### EXERCISE DIRECTIONS
Transcribe the listing that follows in full, omitting pictures.

### RECORDS FOR PROCESSING
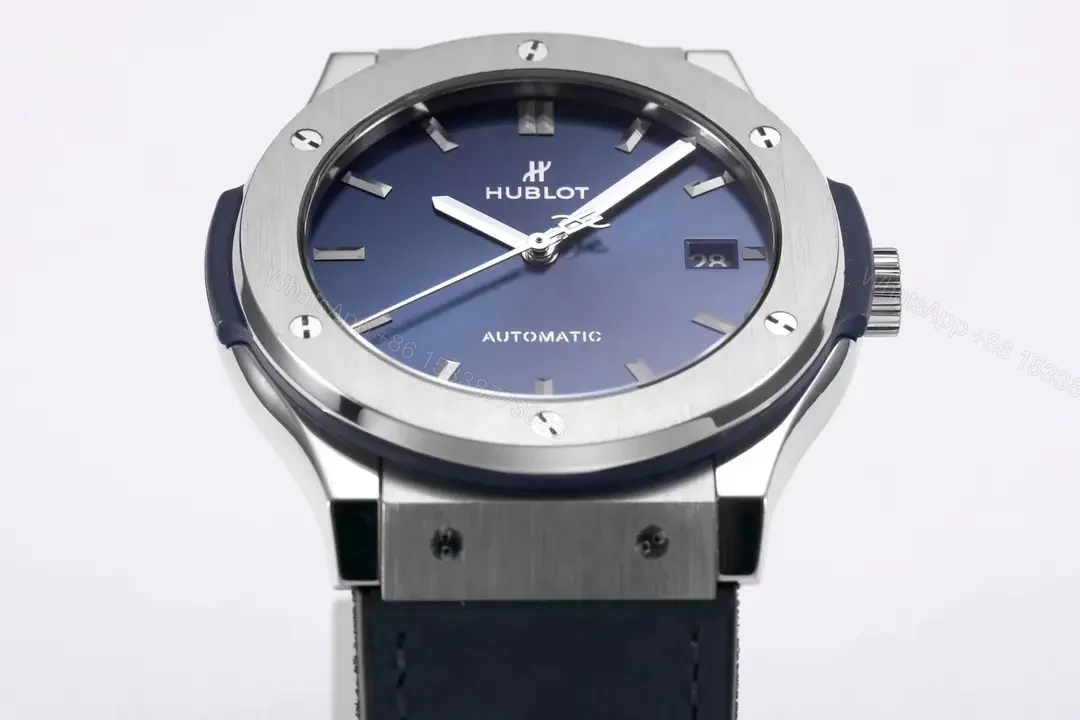View 3 of Hublot Classic Fusion Blue Dial Automatic Watch with Titanium Case and Leather Strap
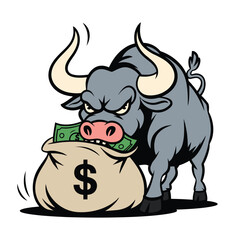 Aggressive bull with a bag of money vector illustration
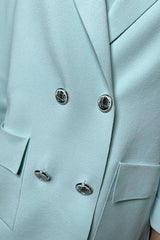 D. Exterior Double Breasted Knit Blazer in Aqua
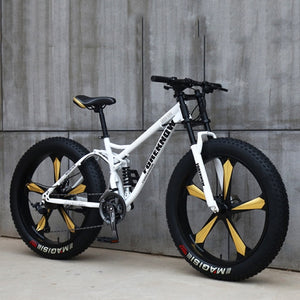 26 Inch Moutain Bike Beach Snowmobile Fat Bike Super Wide Tires Sports Cycling Bicycle 27 Speed Off Road Racing Student Bike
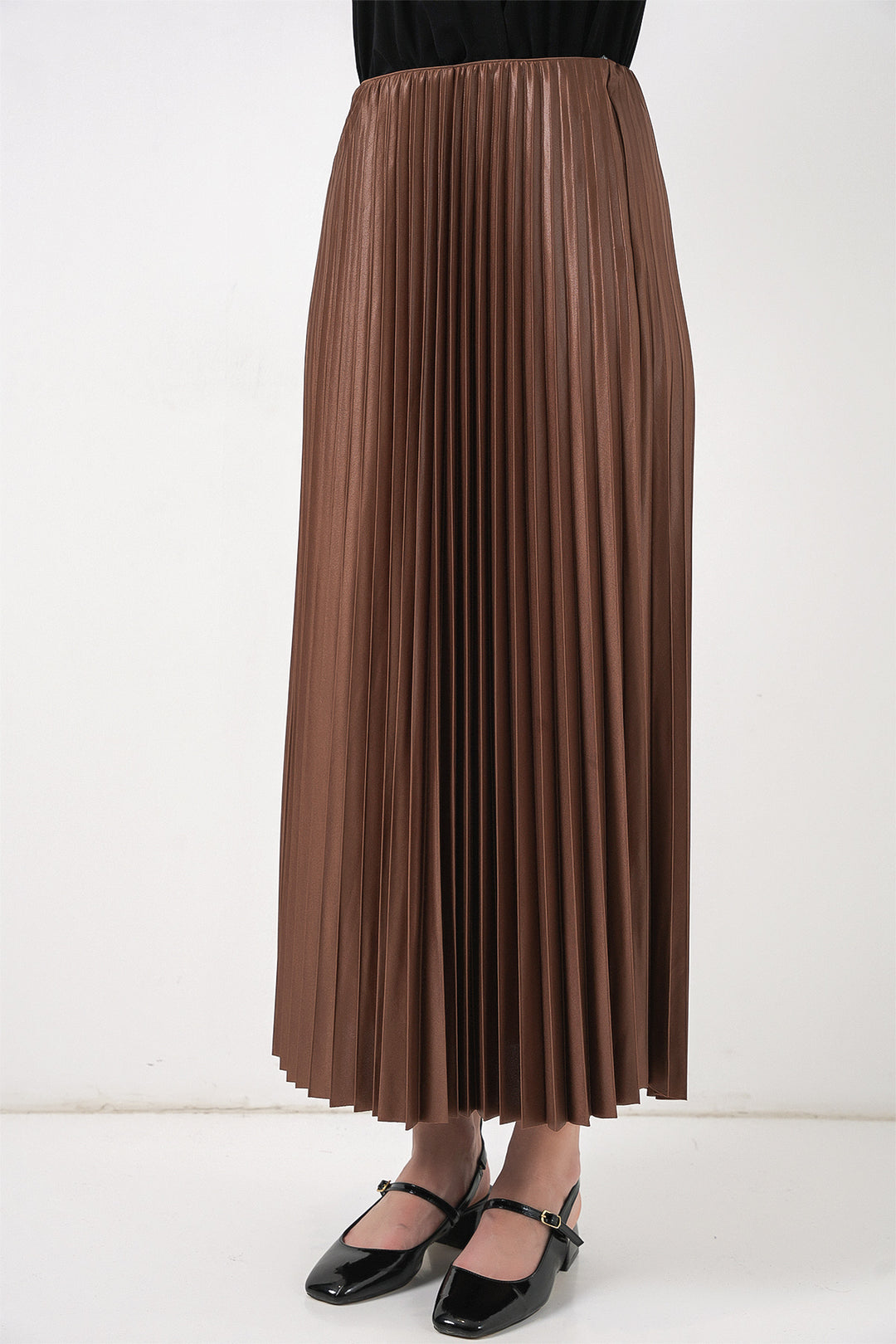 Bigdart 8009 Jupe plissée en simili cuir - Marron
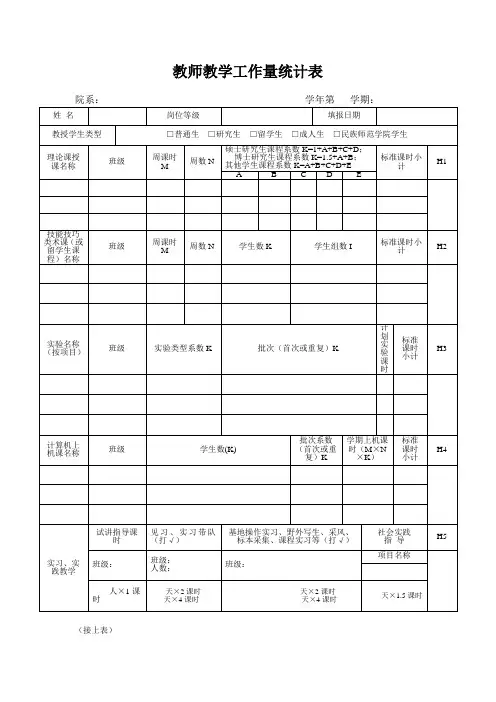 教师教学工作量统计表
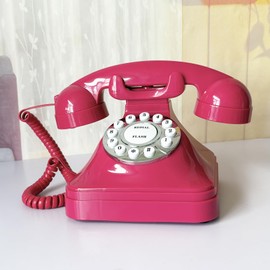 Retro Landline Home Phone,TelPal Corded Old Fashion Desk Phone, Basic Pink Decorative Analog Telephone Set, Senior Phone for Home/Office/Hotel… (Rose)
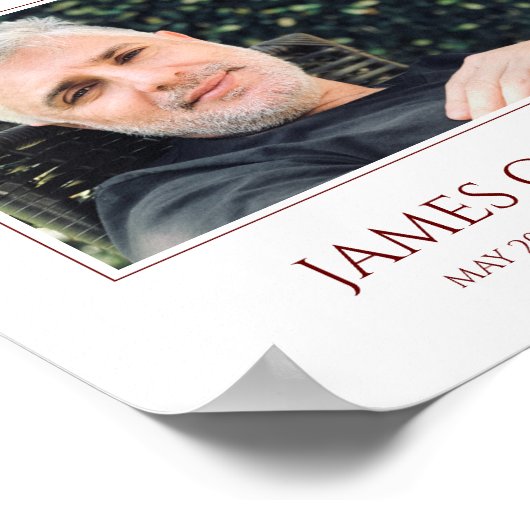 Dunkelrote Feier des Lebens mit Beerdigung des Fot Poster (Ecke)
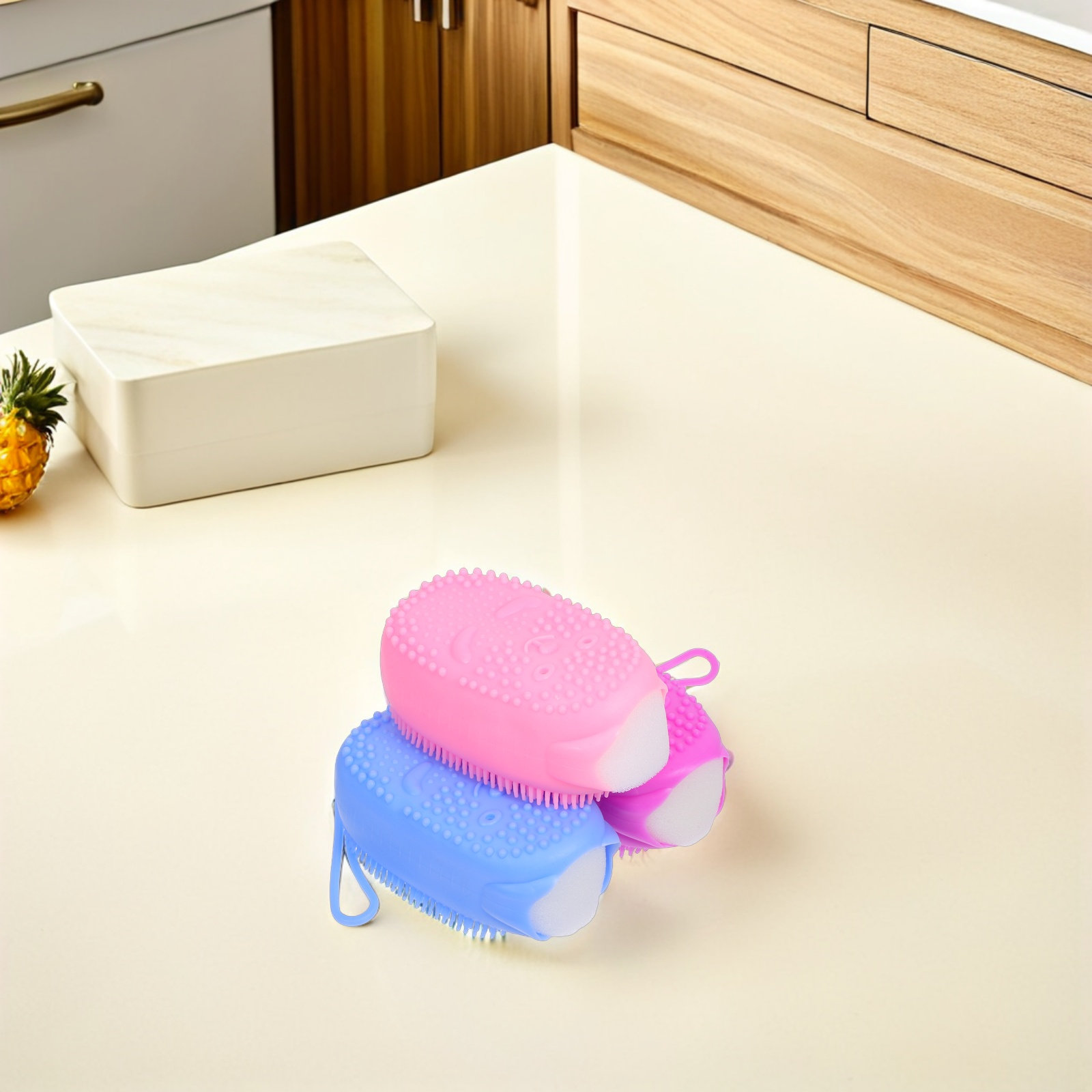 Body Brush - 3 stuks siliconen lichaamsborstel, dubbelzijdige badspons,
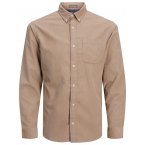 Chemise à col américain coupe slim Jack & Jones en coton beige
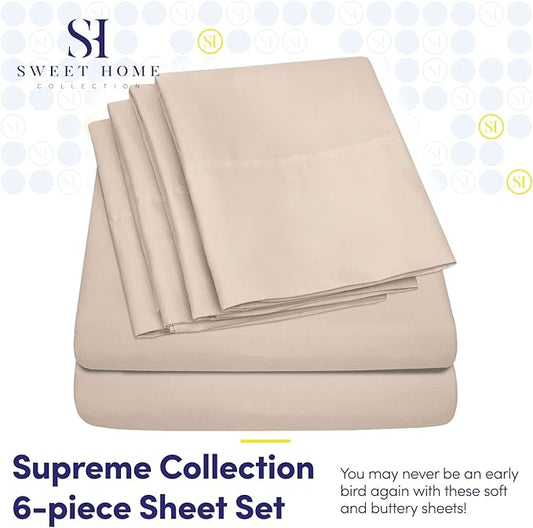 King Size Bed Sheets - 6 Piece 1500 Supreme Collection Fine Brushed Microfiber Deep Pocket King Sheet Set Bedding - 2 Extra Pillow Cases, Great Value, King, Beige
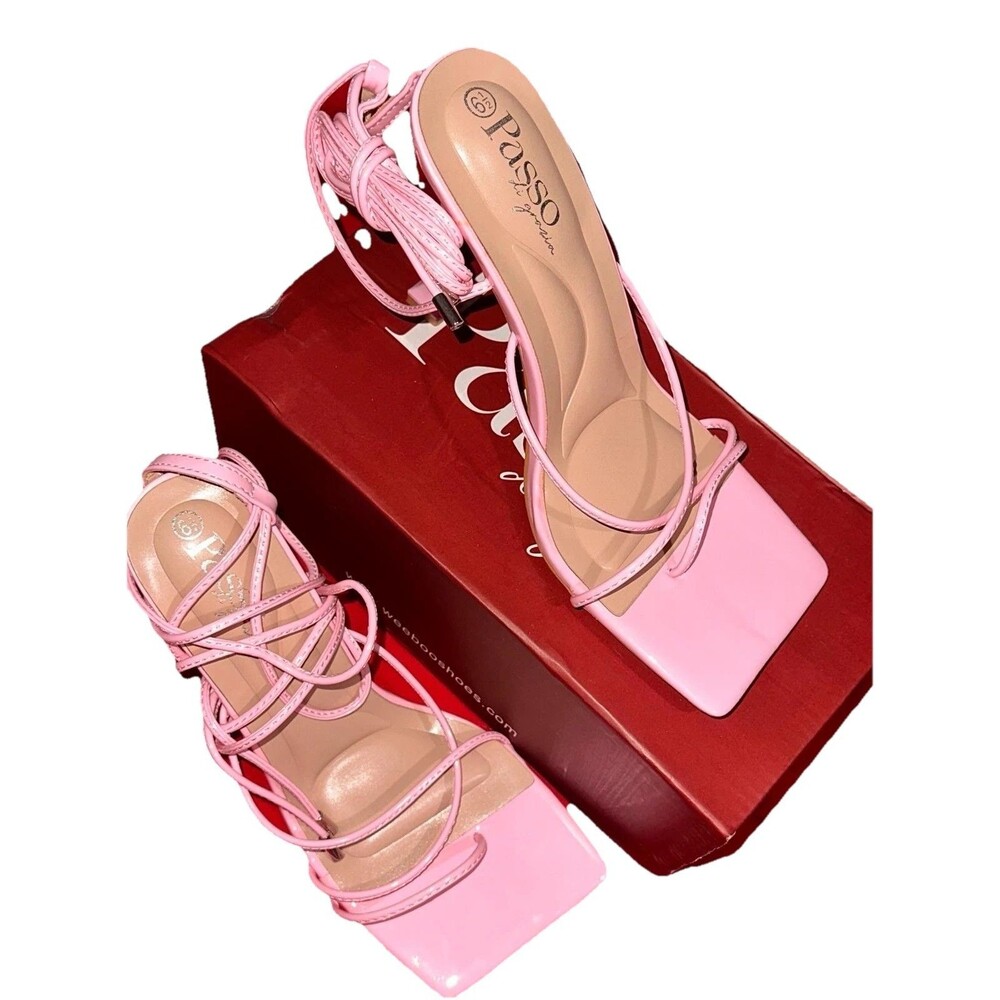Passo di Grazia Pink Square Toe Lace-Up Strappy Sandals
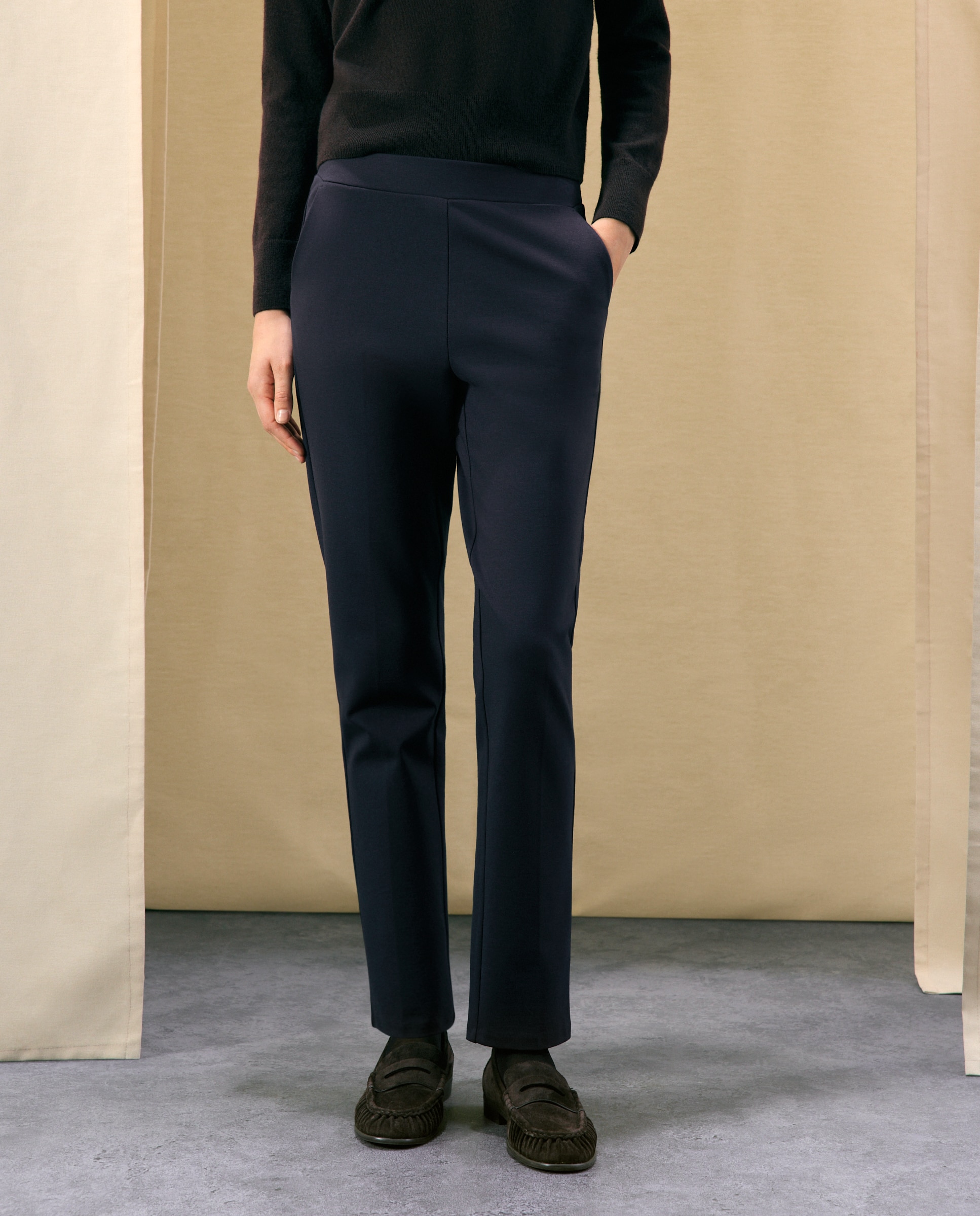 Pantalón semipitillo liso de mujer - Woman El Corte Inglés - Azul marino Azul marino-2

### RESULT OF THIS TASK
View 3 of Hublot Classic Fusion Blue Dial Automatic Watch with Titanium Case and Leather Strap
 Aggressive bull with a bag of money vector illustration
 D. Exterior Double Breasted Knit Blazer in Aqua
 26 Inch Moutain Bike Beach Snowmobile Fat Bike Super Wide Tires Sports Cycling Bicycle 27 Speed Off Road Racing Student Bike
 Bigdart 8009 Jupe plissée en simili cuir - Marron
 教师教学工作量统计表
 Retro Landline Home Phone,TelPal Corded Old Fashion Desk Phone, Basic Pink Decorative Analog Telephone Set, Senior Phone for Home/Office/Hotel… (Rose)
 Dunkelrote Feier des Lebens mit Beerdigung des Fot Poster (Ecke)
 Body Brush - 3 stuks siliconen lichaamsborstel, dubbelzijdige badspons,
 Chemise à col américain coupe slim Jack & Jones en coton beige
 King Size Bed Sheets - 6 Piece 1500 Supreme Collection Fine Brushed Microfiber Deep Pocket King Sheet Set Bedding - 2 Extra Pillow Cases, Great Value, King, Beige
Passo di Grazia Pink Square Toe Lace-Up Strappy Sandals
 Pantalón semipitillo liso de mujer - Woman El Corte Inglés - Azul marino Azul marino-2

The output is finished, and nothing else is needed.